To verify the real OS injector against a running player during on-device testing,
use the injcheck diagnostic — it lists windows and sends key chords directly:
just injcheck list [filter] # list on-screen windows
just injcheck focus <pid> # bring an app to the foreground
just injcheck keys <pid> <chord…> # focus, then send chords (foreground)
just injcheck bgkeys <pid> <chord…> # send chords without stealing focusRun the app (tray or --headless) and point a HyperDeck controller at the machine's
IP on port 9993 in Bitfocus Companion (or ATEM Software Control, etc.). Transport
buttons drive the locked-on player. The adapter binds 0.0.0.0:9993.

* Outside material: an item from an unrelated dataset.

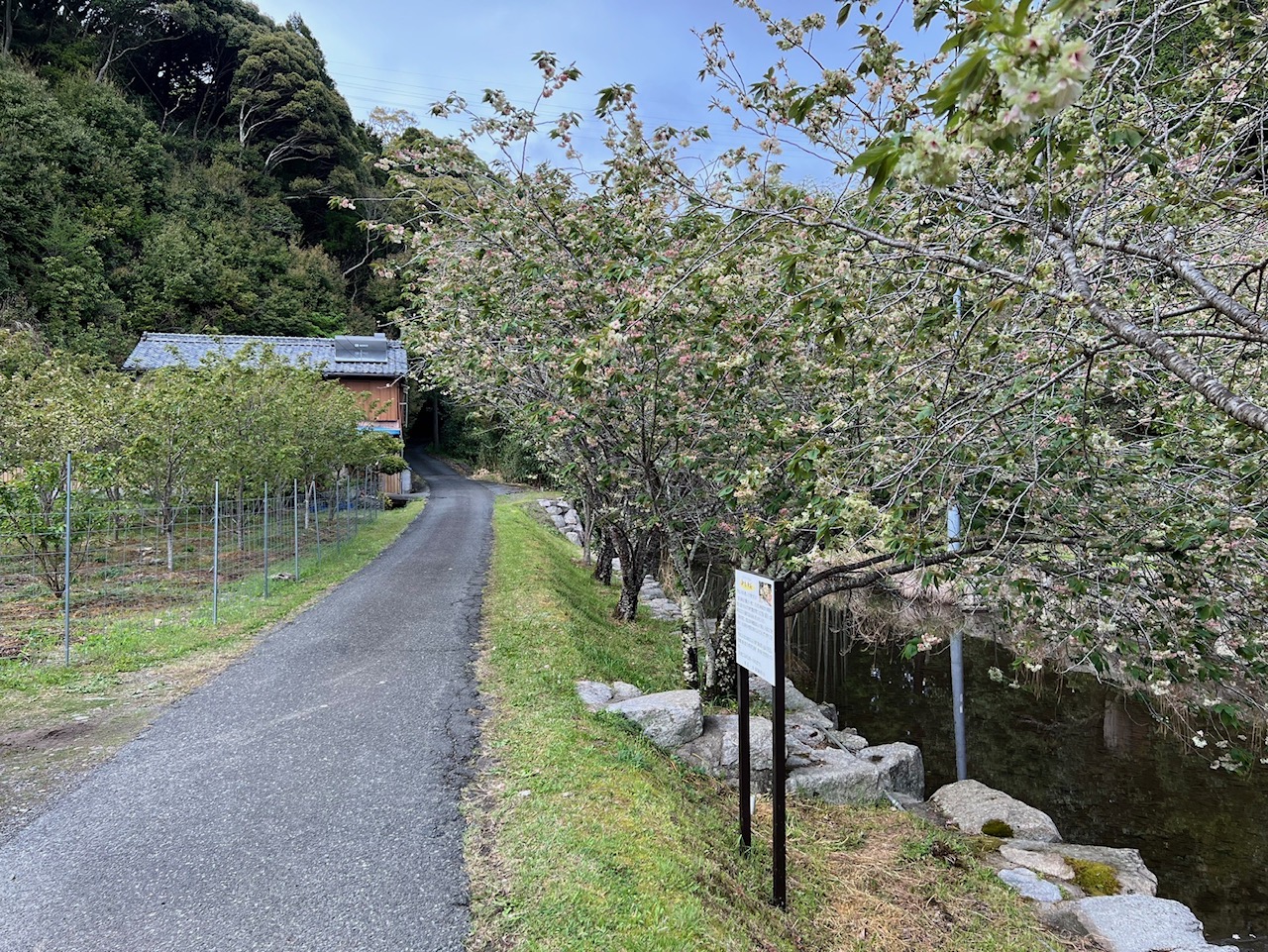 202204151626御衣黄桜開花状況01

Players are defined in a YAML profile file; see
examples/profiles.yaml for working Example Player,
VLC, and Mitti profiles. The default file is seeded on first run at:
- macOS:
~/Library/Application Support/hyperdeck-adapter/profiles.yaml - Windows:
%AppData%\hyperdeck-adapter\profiles.yaml
A minimal example:
profiles:
- id: vlc
match: { process: ["VLC", "vlc", "vlc.exe"], title_regex: "VLC media player" }
injection: background # background = no focus steal; or "focus"
keymap: { play: "space", stop: "cmd+.", next: "cmd+right", prev: "cmd+left" }
play_toggle: true # Space toggles play/pause; Stop uses the discrete key
clip_source: { type: positional, count: 50 }
state: { type: title_regex, playing: ".+ - VLC media player" }Profiles also support out-of-band control: control: api (VLC's HTTP interface) and
control: uia (Windows UI Automation for UWP apps). The pinned-profile selection is
persisted to selection.json alongside the config.
Releases are built by .github/workflows/release.yml
via tauri-action on a macOS + Windows
matrix. Bump version in src-tauri/tauri.conf.json, then push a vX.Y.Z tag (or
run Actions → Release → Run workflow). It creates a draft release with the
DMG / NSIS / MSI bundles and, once the updater signing key is set, latest.json.
Signing keys and the updater key are maintainer-owned and must be added manually — see the "Maintainer setup: signing keys & secrets" issue. Until then, releases are unsigned and the in-app updater won't verify (the release workflow disables updater artifacts automatically when no signing key is present).